So Russia is now facing the prospect of recession as the prolonged geopolitical standoff with the West over Ukraine hits the emerging economy hard. With the European Union and the United States considering deeper sanctions against Moscow and the country suffering heavy capital outflow in the first quarter, Vladimir Putin is facing the most severe political and economic crises of his time in the Kremlin.

Russia's annexation of Crimea is turning into a costly boondoggle. The Kremlin has already earmarked nearly $7 billion in economic aid for the peninsula this year, funds that will be spent on everything from infrastructure to beefed-up pensions for local residents. Even when balanced against anticipated gains from Crimea's energy resources and savings on naval basing arrangements, among other factors, that's a cost Russia's sluggish economy can ill afford.

But if the Crimean land grab is affecting Russia, Vladimir Putin is pushing on regardless with the BBC reporting he has plans to create a gambling zone in Crimea, now that the Kremlin has declared the Ukrainian territory part of Russia opening the way for a gambling led recovery. By law casinos are restricted to four special areas in Russia, all a long way from Moscow. Now Crimea will become the fifth area, under Mr Putin's plan.

The big news of the day is that the trial of Formula One boss Bernie Ecclestone on bribery charges has finally begun. Ecclestone is accused of giving a $45 million bribe to a German banker to secure the sale of a stake in the F1 business to a company he favoured. Mr Ecclestone admits paying Gerhard Gribkowsky, who is serving a jail sentence for receiving the payment, but has denied any wrongdoing. He continues to run the F1 business on a day-to-day basis despite the charges.

There has been speculation that Ecclestone could reach a financial settlement with the authorities in Munich rather than risk a prison term of up to ten years if convicted. However, that would entail accepting that he was guilty of bribing a disgraced German banker. And that would force him to walk away from the sport over which he has ruled for four decades.

Paul Weaver at The Guardian says this could have rattle Formula One to its foundations. There are a number of important people in the paddock who feel that Ecclestone is well past his sell-by date but the same people are also fearful of the post-Ecclestone era, which will arrive soon enough, whatever happens in Munich. The fact is that Ecclestone, a brilliant deal-maker who carries most of the information in his entrepreneurial head, is a hard act to follow.

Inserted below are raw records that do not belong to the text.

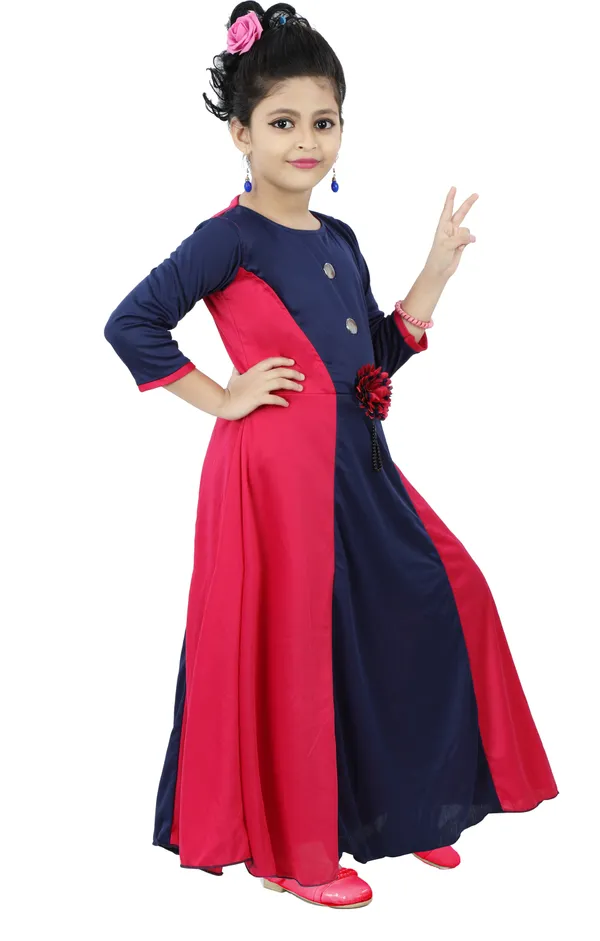 Pink_3/4_Sleeve_Girls_Maxi/Full_Length_Party_Dress_(Pink,_3/4_Sleeve)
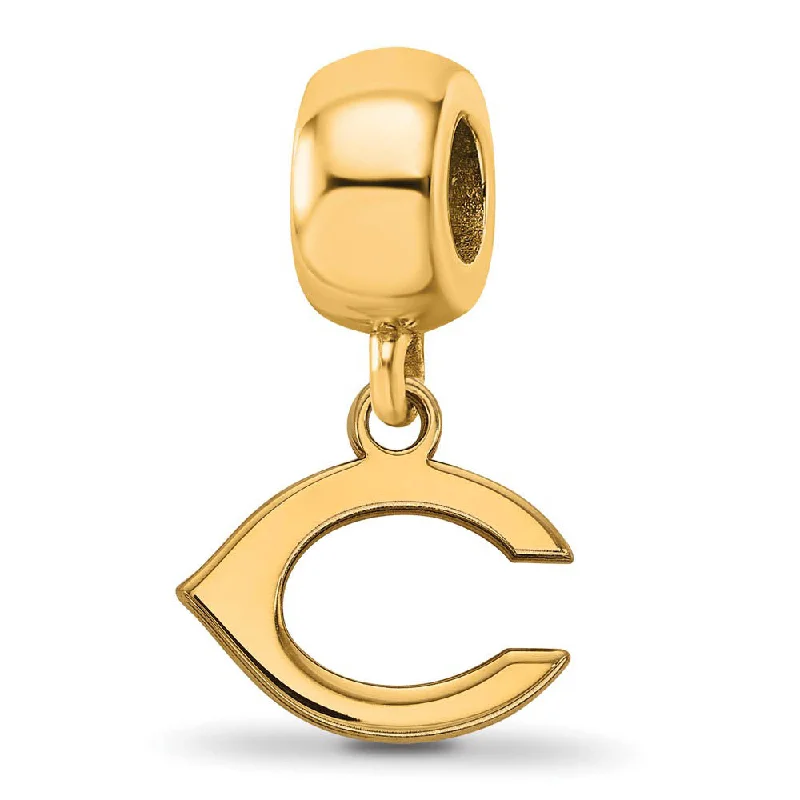 Unmissable Deals On Handmade Jewelry Collections 14KY Gold Plated Sterling Silver MLB Cincinnati Reds C XS Dangle Bead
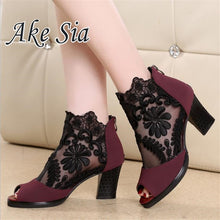 Cargar imagen en el visor de la galería, Summer mesh Peep Toe sandals sexy heels single shoes women shoes in Europe and America 2018 spring and summer gauze mujer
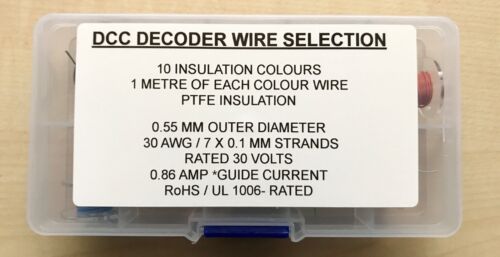 DCC DECODER WIRE, 30AWG, 10 COLOURS, 0.55MM OUTER DIAMETER, 30V, 1 MTR LENGTHS. - Picture 2 of 14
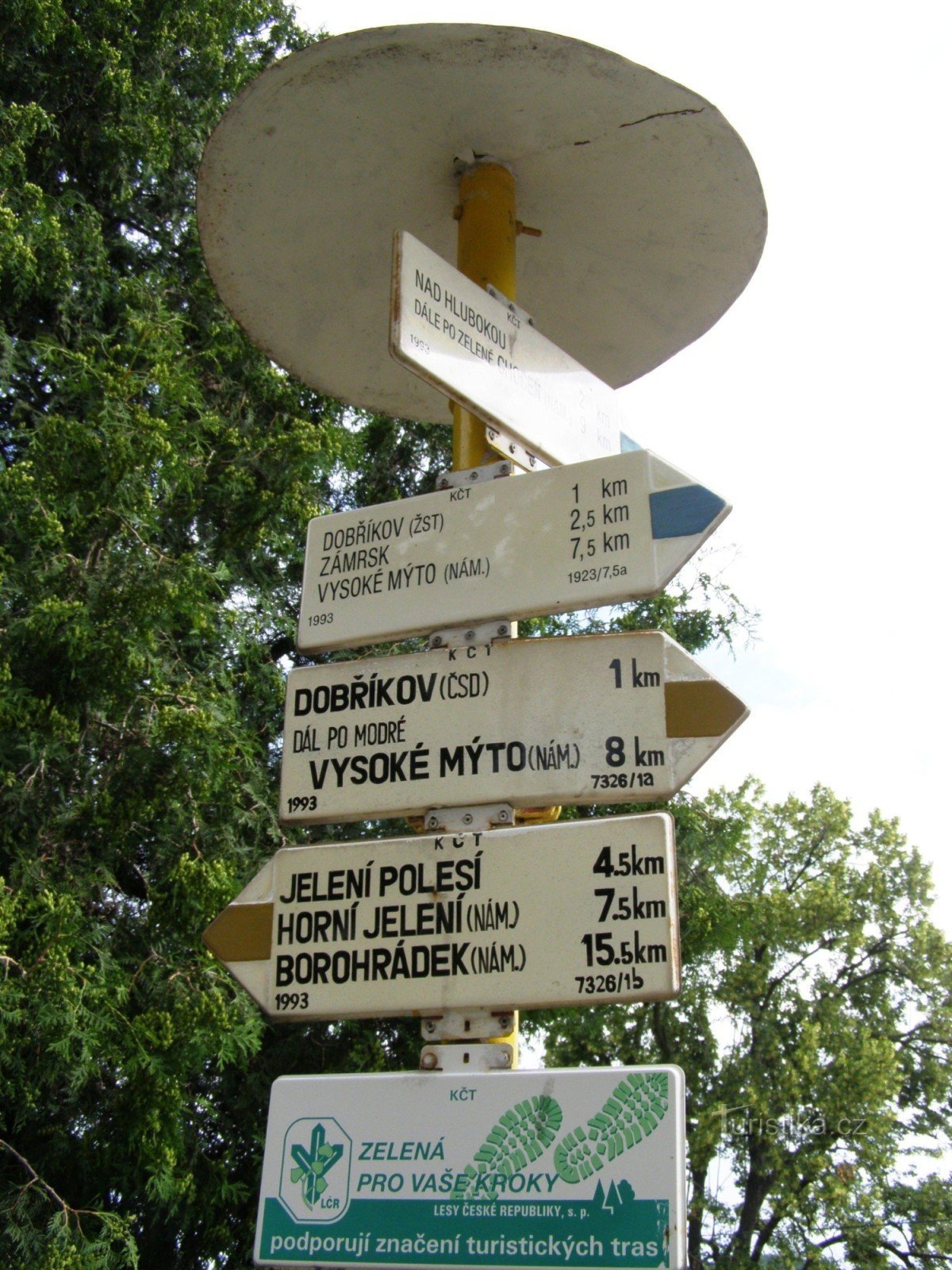 turisztikai útkereszteződés Dobříkov - falu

Yesterday I did a post explaining how Korea's financial regulator has launched an investigation into Cheonghaejin Marine, the operator of the ill-fated Korean ferry and its owner over possible illegal foreign exchange transactions. Tax authorities are also looking into possible tax evasion by Yoo Byung-eun, the boat's owner.

Now The Guardian reports that police have now raided the home of Yoo Byung-eun. The finances of the Yoo family's Chonghaejin Marine Co have come into the spotlight after it emerged that Yoo spent four years in jail for fraud during the early 1990s.

The Korea Times reports that the country's Financial Supervisory Service (FSS) is looking into currency transactions by Chonghaejin Marine and Yoo's family members. "We are examining a wide range of business activities by the shipping firm, its affiliates and the owner family," an FSS official said. "We hope this probe will shed light on their suspicious foreign currency transactions and how the Yoo family has accumulated wealth. We are tracing their overseas assets, valued at hundreds of millions of won." The National Tax Service is moving to launch a tax audit into Yoo's firms. The Korea Customs Service is also examining overseas transactions by Chonghaejin Marine. "We are collaborating with tax and customs officials as well as the prosecution to find evidence," the FSS official said. "We can't say yet whether we have secured any clues suggesting their involvement in irregularities. This probe may continue for weeks." The shipping firm is virtually a successor to Semo Marine, a cruise operator that went bankrupt in 1997. Yoo was the chairman of the bankrupt firm.

Of course, that raises the obvious question: if the company was that dodgy, why were they allowed to operate in the first place?